Monthly Archives: February 2026

Simpsonwood

A little sample of The Big Project I’m working on…and a great memory.

I passed out t-shirts one by one as the kids lined up by size from X-Small to 3XL. We had a serious problem. One boy, from Lexington, KY, was a 4XL at least. This was our first Youth Empowerment Conference. We had a hundred teenagers from around the south gathered in Atlanta at the Simpsonwood Methodist Retreat Center. It is a serene 250 acre campus in Gwinnett County. Jesus Christ himself greets you at the door, the knob is his outstretched wooden hand. It is an astounding piece of wood craft. He is not on the cross. This is Jesus triumphant, reborn, and Simpsonwood offers visitors a chance at their own rebirth. There are no telephones, and no televisions. Deer wander tame throughout the buildings. The front desk has a basket of apples you can take, and feed them from your hand.

The kids are excited, and absorbed in each other, except one boy from Lexington. I can’t remember if he replaced another kid at the last minute, or we got his shirt size wrong, or maybe 3x was as big as we could get. It doesn’t matter. He would be the only kid without a red YOUTH EMPOWERMENT CONFERENCE t-shirt. As soon as we realized the issue, Tammy raced to Walmart and returned with a 4XL plain red t-shirt. This was an inspired move, which is no surprise. Tammy is an all in, all the time kind of person when it comes to the work. She came to the team by way of the shelter in Knoxville, TN. She was already a legend by the time we met.

This young man was 14 years-old. I saw in his eyes that he knew what was coming, and he was used to this. His shaggy brown hair bounced on top as he nodded in understanding, reassuring Tammy the plain red shirt was fine. He wanted to make it easy on us.

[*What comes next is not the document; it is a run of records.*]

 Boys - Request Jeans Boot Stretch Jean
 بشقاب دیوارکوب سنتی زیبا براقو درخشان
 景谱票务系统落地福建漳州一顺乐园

I avoided his eyes, and passed out shirts until the ballroom was filled with clusters of stoplight red shirts, and one a duller brick red.

A counselor from the YMCA shelter in Louisville, Eric, was also passing out shirts, and when we were done he gathered the few extras in a bag and we walked to the cafeteria together. Simpsonwood puts out a proper country-style buffet lunch with fried catfish, mac and cheese, chocolate pudding, soft-serve ice cream, squash casserole, collard greens, all the good stuff. I held the door open for Eric, but he made some excuse and jogged off towards the parking lot.

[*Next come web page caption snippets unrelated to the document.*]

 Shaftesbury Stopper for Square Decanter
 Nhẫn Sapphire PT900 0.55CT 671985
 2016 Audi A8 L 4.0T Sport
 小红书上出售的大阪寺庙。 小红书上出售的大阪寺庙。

We moved from lunch into workshops, teaching the kids how non-profits operate, and hearing their ideas about how to make the shelters better, where to look for street kids and how to talk to them. The boy from Lexington was easy to pick out in the room. He seemed OK to me.

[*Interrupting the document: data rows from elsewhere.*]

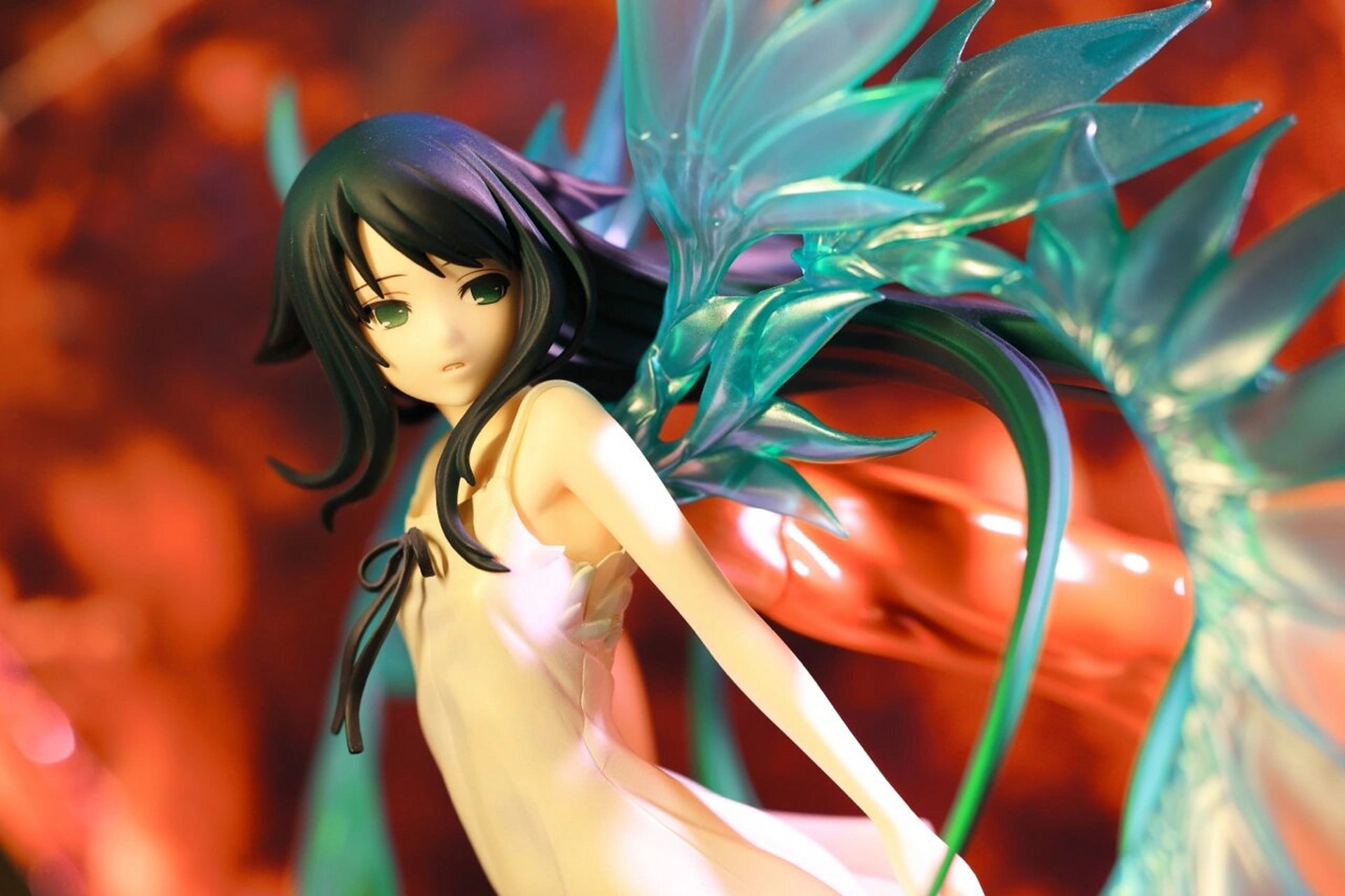 手办试拍,最美也是最扭曲的纯爱 从车祸中幸存下来的郁纪,眼中的世界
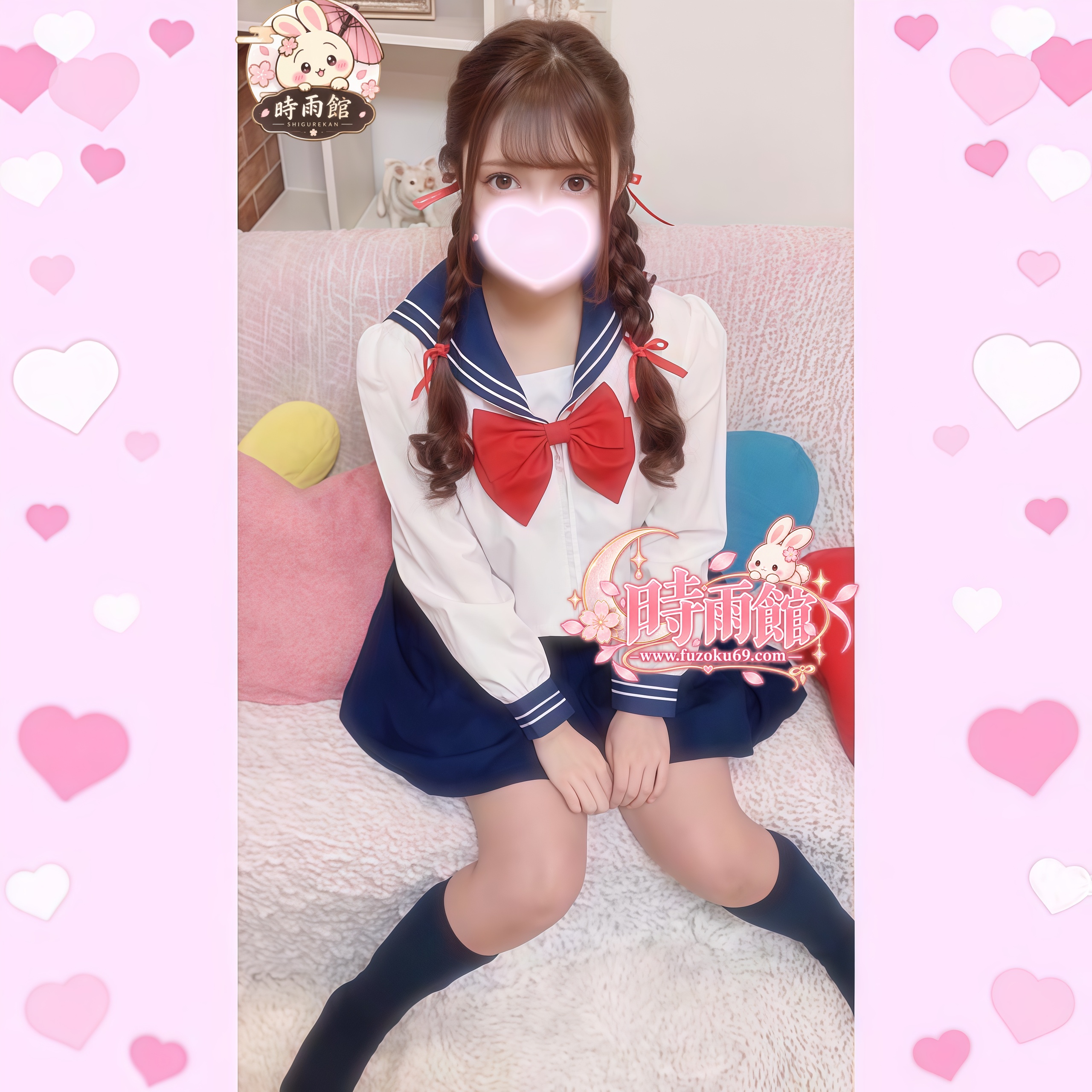 ダンスを学ぶ女の子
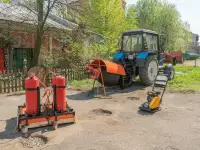 ямочный ремонт дорог и кровли установки УИ, фотография 7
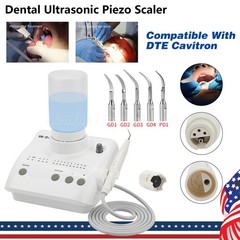 Dental Ultrasonic Piezo Scaler+Handpiece Bottles Fit DTE SATELEC Model:SK-D1 sa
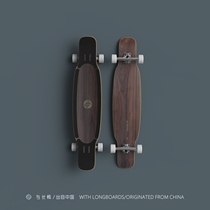 New and long board singularity long board dancing flat flower dc walking Brush Street skateboard cost-effective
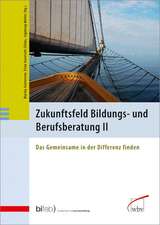 Zukunftsfeld Bildungs- und Berufsberatung II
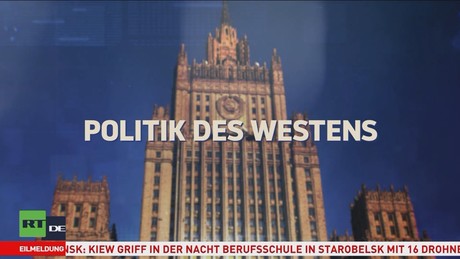 Lawrow warnt vor Revanchismus in Europa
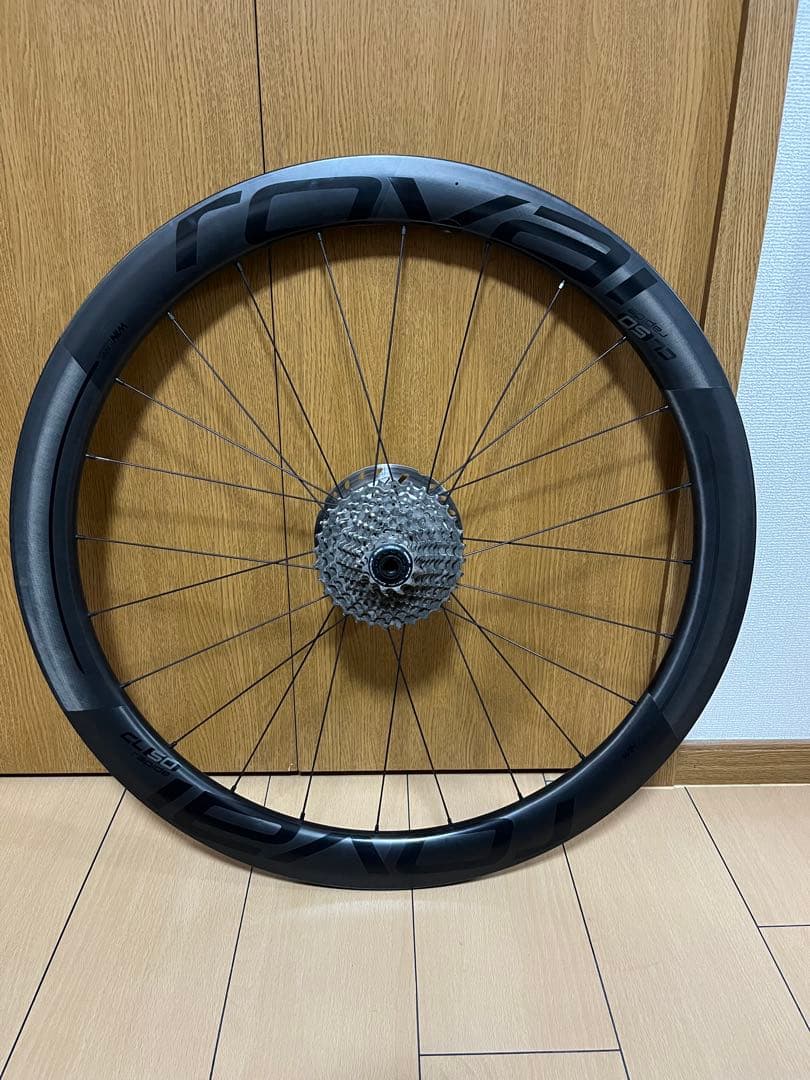 スペシャライズド roval RAPIDE CL50 DISCホイールセット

None of us knew where Eric went. He was a conscientious guy, responsible and genuine. This was weird, and we murmured back and forth amongst ourselves about what might have happened. Simpsonwood sits in a valley along the Chattahoochee river. A few of us had cell phones, strictly for work back then, but coverage was terrible down in the trees at the bottom of the hills. We just had to wait and see. He’d been away almost two hours when he came slipping into the ballroom, kind of wild-eyed and harried. Tammy was leading the group. She was in the zone, waving colored markers around and flip-charting key themes as the kids chimed in over each other. I wrinkled my brow at Eric, silently asking him, “What the fuck happened?” In his outstretched hand was his wordless response, a stoplight red, custom made, official logo, 4XL t-shirt.

By the next session the boy from Lexington looked like everybody else. Eric skipped lunch to find a seamstress who could make a 4XL t-shirt from 5 other sizes. When you looked closely it was a patchwork of swatches masterfully sewn. He found an alterations shop, and told the seamstress his story. She felt his words, and dropped what she was doing to make it happen. Eric said he gave her $140. That was a fortune to a non-profit grunt in 2003. I’m not proud, but I’m honest. Even if I had it, I wouldn’t have done that. It was an astonishing act of grace. Eric retired recently, and I had a chance to tell him again what an incredible moment that was for me. He shrugs it off, not being coy or anything. I think it was all in a day’s work for him.

If you are going to throw your life away in the helping industry like me, understand these things. A day will come when you realize just because it was your best effort, that doesn’t mean it was the best effort. To quote a guy I’ll tell you about next,

“It’s not that you don’t care, you just care a little less.”